Typically, strongman leaders trade on feelings of insecurity, fear and frustration. Mr Putin and Mr Erdogan have portrayed Russia and Turkey as surrounded by enemies. Mr Sisi has promised to rescue Egypt from terrorism. Mr Xi and Mr Modi have capitalised on ordinary people’s frustrations with corruption and inequality. The Trump campaign has incorporated elements of all these themes, promising to reverse national decline and get tough with criminals and foreigners.

At a time when Barack Obama, the US president, and Angela Merkel, the German chancellor, are both cautious, deliberative internationalists, the risk-taking nationalism of Mr Putin has attracted admirers in China, the Arab world and even the west.

Mr Trump and Mr Putin seem to have formed something of a mutual admiration society.
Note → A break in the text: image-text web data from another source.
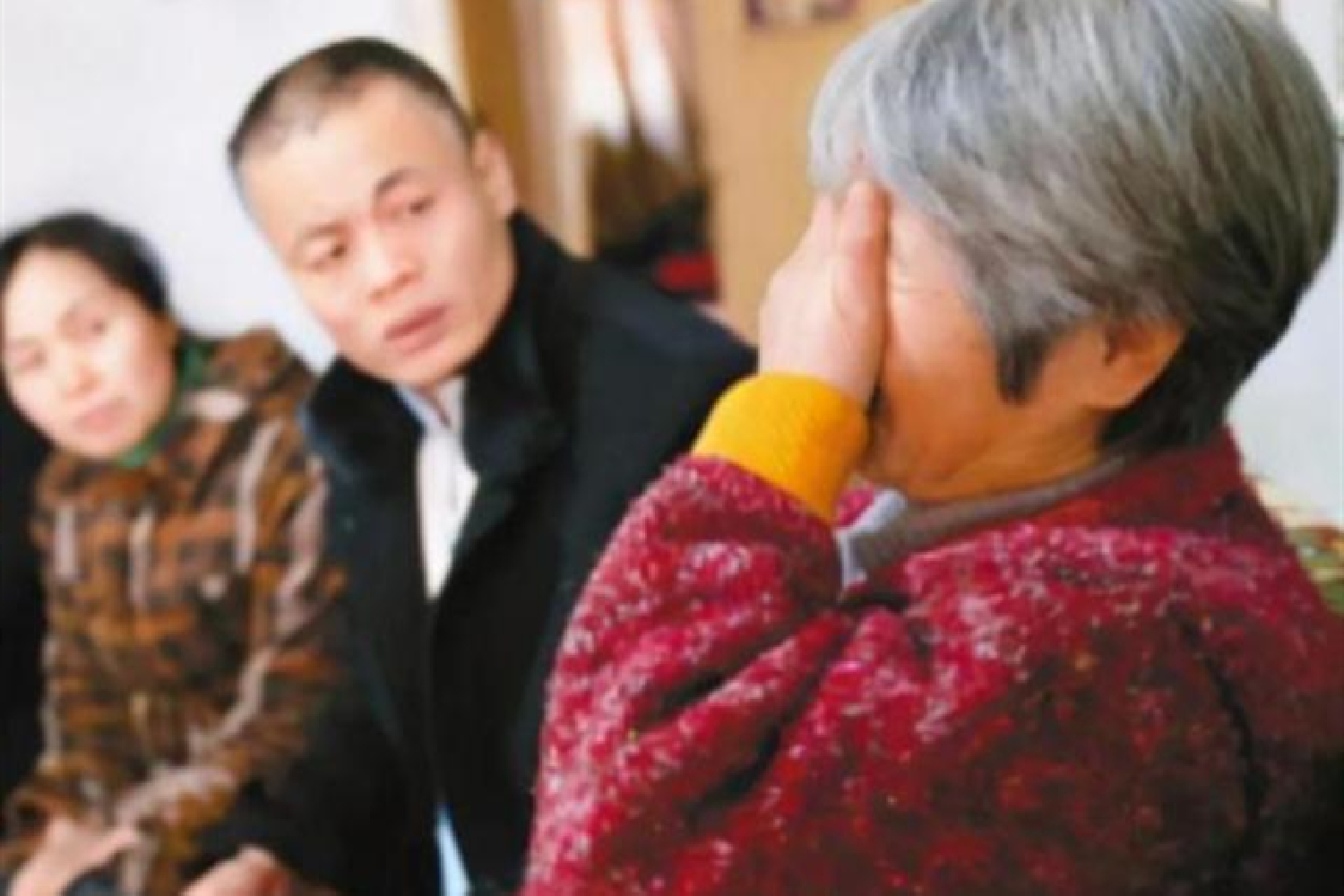 沒錢治病！年老母親向「年薪260萬兒子」求助卻被拒絕　面對質問「兒子道出實情」反獲全網支持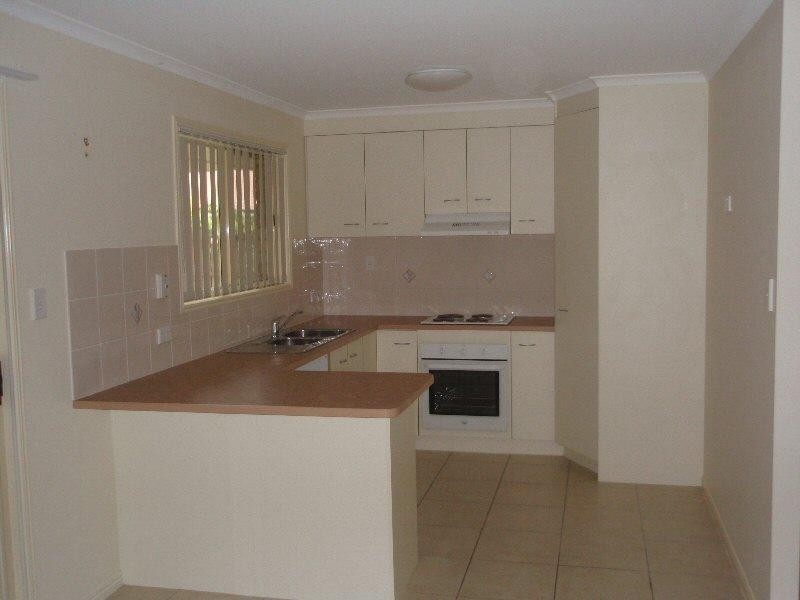 15 Mainsail Court, Point Vernon QLD 4655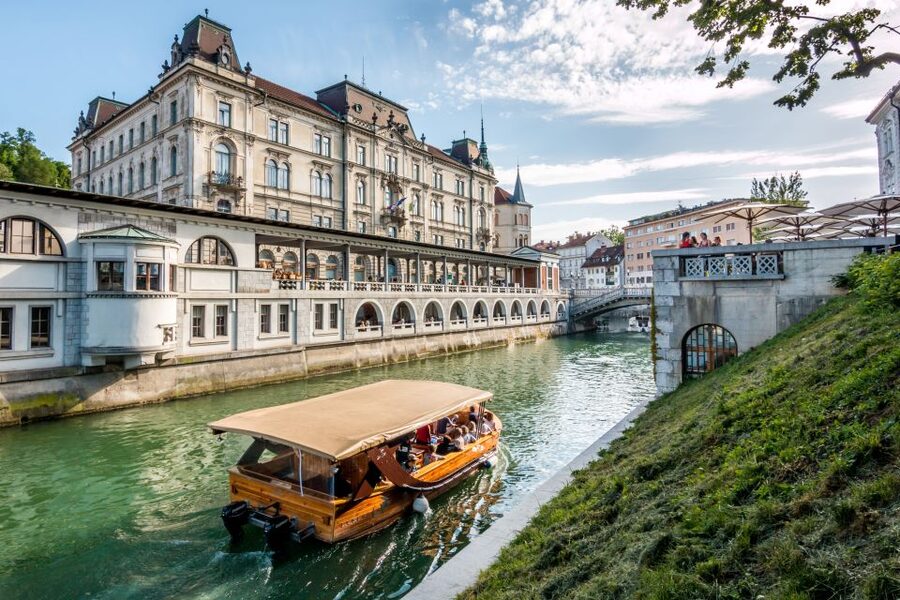 Ljubljana: City Card - Reach Ljubljana Castle by funicular or foot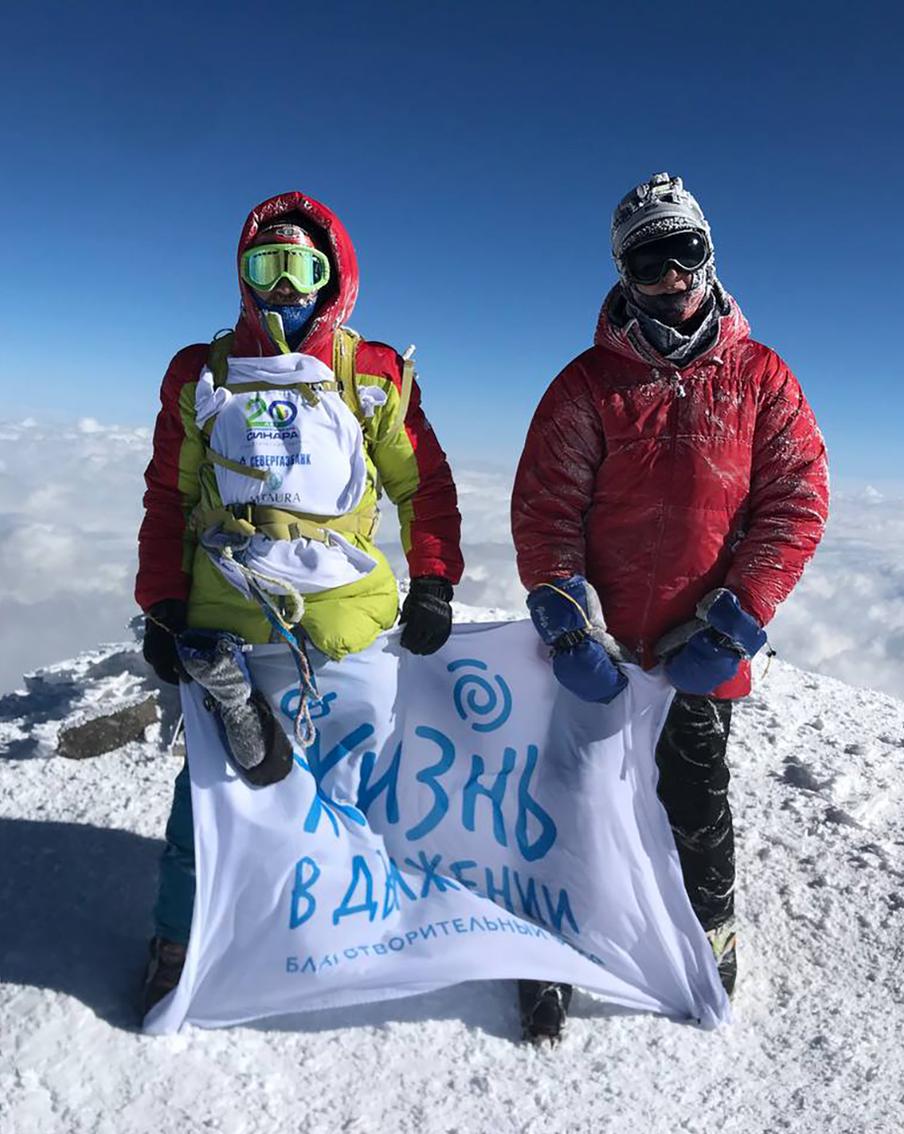 Парень на протезе станцевал лезгинку на пике Европы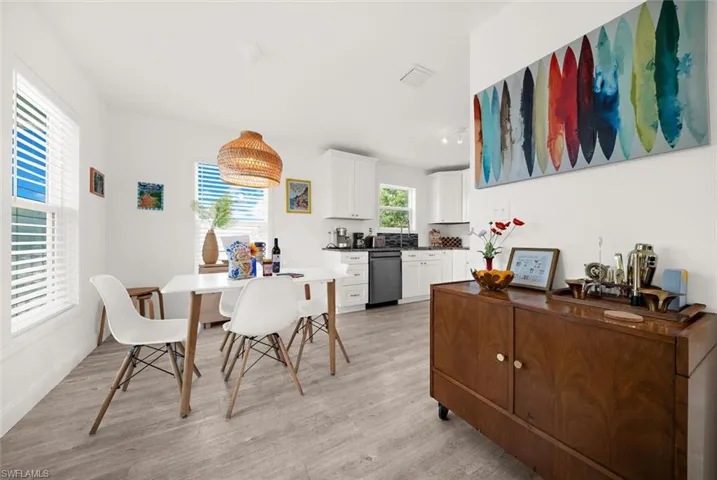 2375 Bahia Vista St, Sarasota, Florida 34239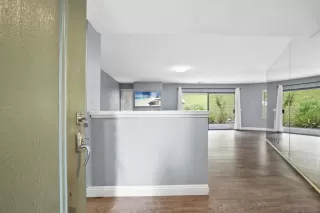 Photo #1: 260015979SD Listing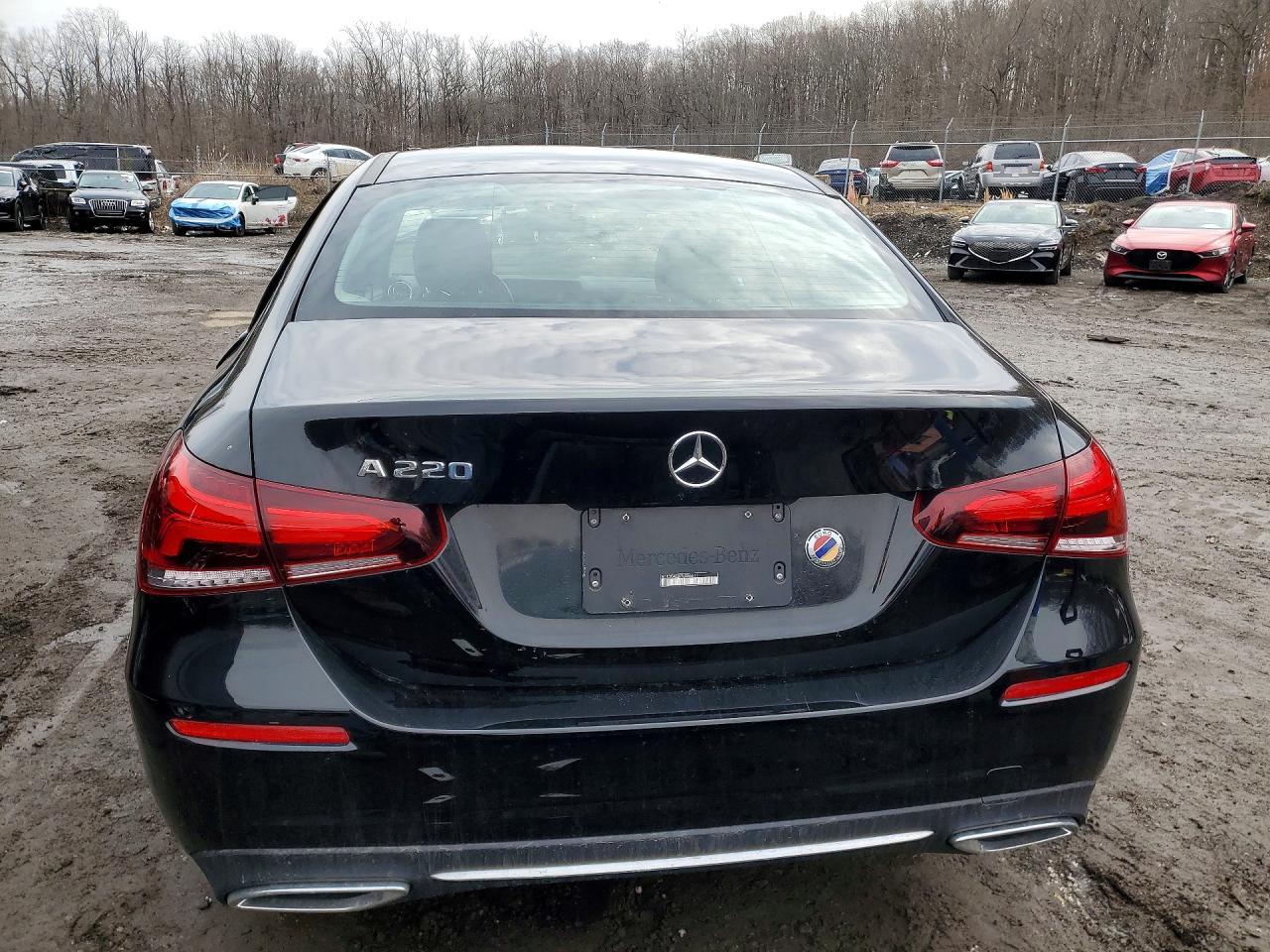 2022 Mercedes Benz A - Фото 6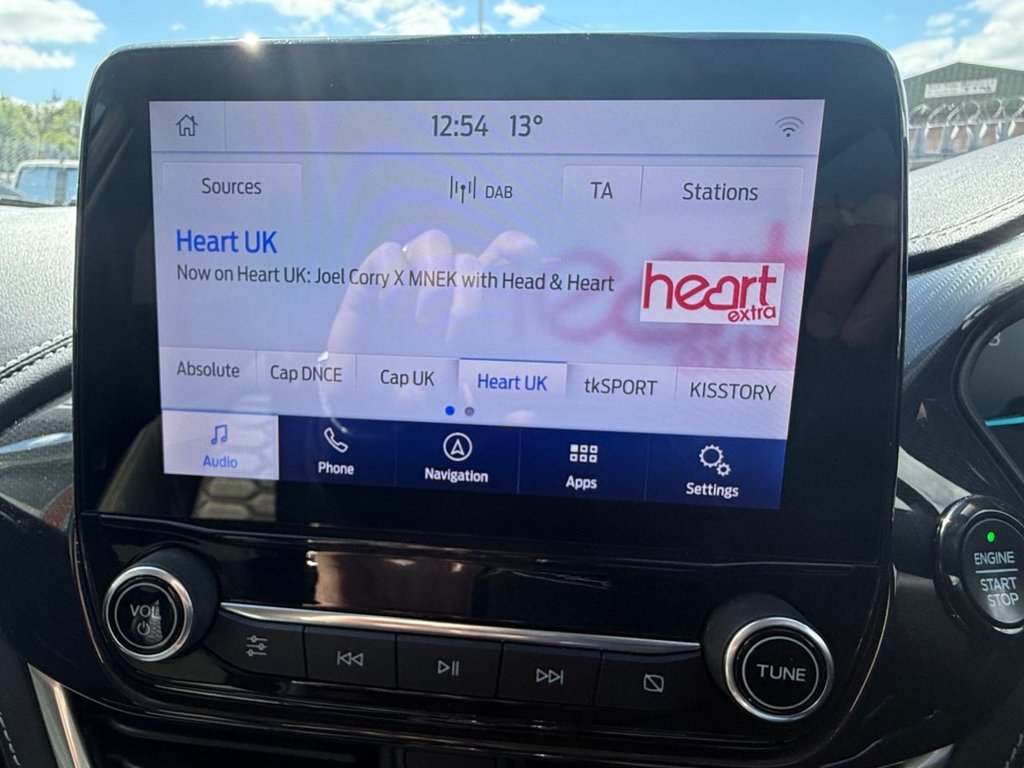 USED 2020 70 FORD FIESTA 1.0T EcoBoost MHEV Vignale Edition Hatchback 5dr Petrol Manual Euro 6 (s/s) (125 ps) STUNNING LATER CHAIN ENGINE VERSION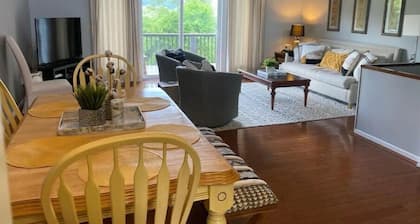Backdoor Golf course 2 Bedroom Condo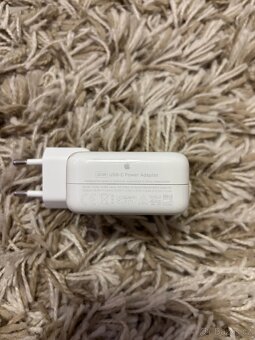 Apple Macbook Air 13" 2020, M1 8-core 8GB/256GB - 7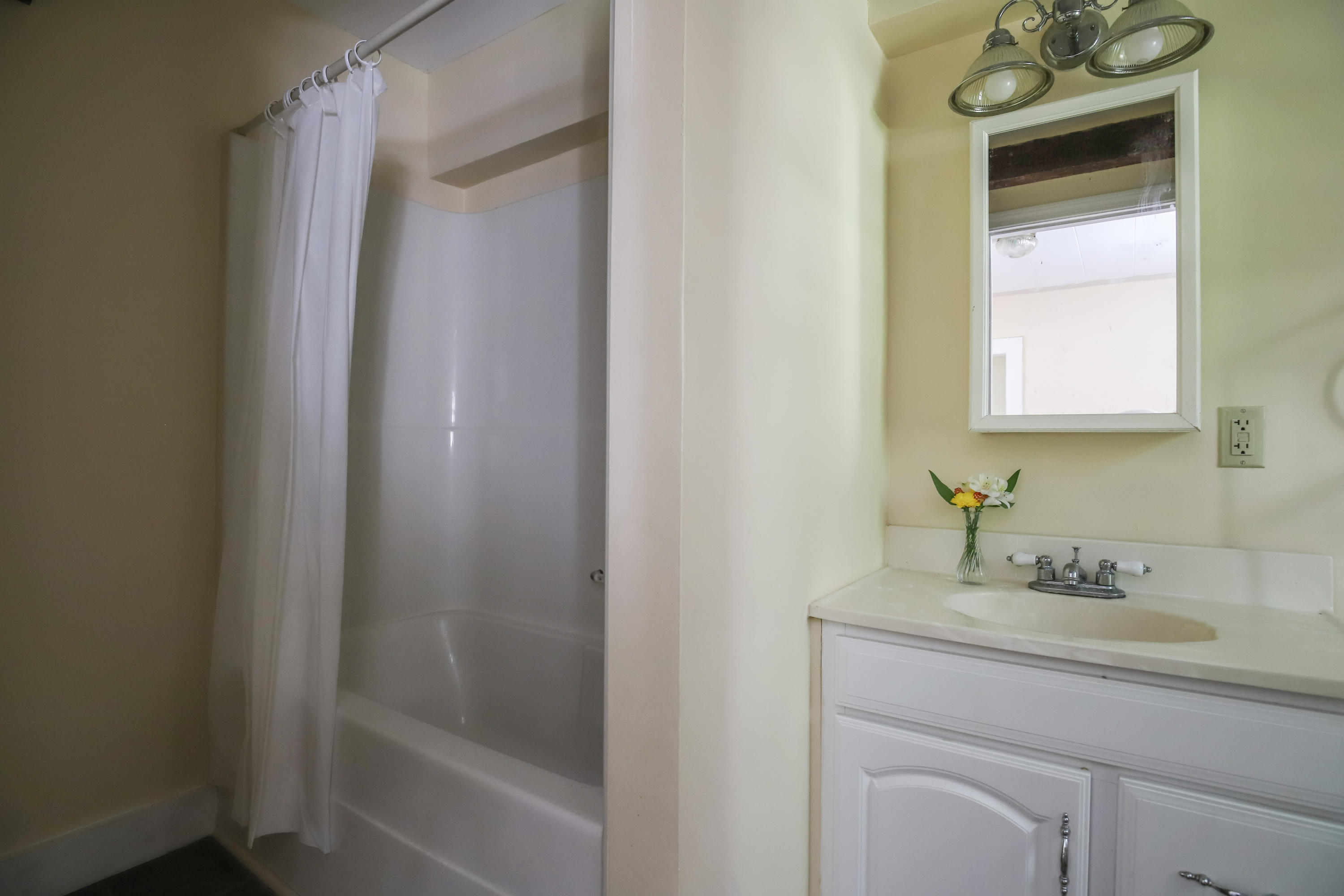5 Spring Street Hallowell, ME 04347 - Photo 21 of 55 5 Spring St Hallowell - 27Bath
Strongman leaders often get on very well — at least initially. But because their relationships are based on a shared style and swagger, rather than underlying principle, they also often fall out spectacularly.

Mr Erdogan used to have close relationships with Mr Putin and with President Bashar al-Assad of Syria but these have turned into bitter enmities. Further back in history, the 1939 pact between Hitler and Stalin gave way within two years to war between Germany and the Soviet Union.

The alarming truth is that the impact of strongman leaders is rarely confined within national borders. All too often, the undercurrent of violence that they introduce into domestic politics spills over on to the international stage.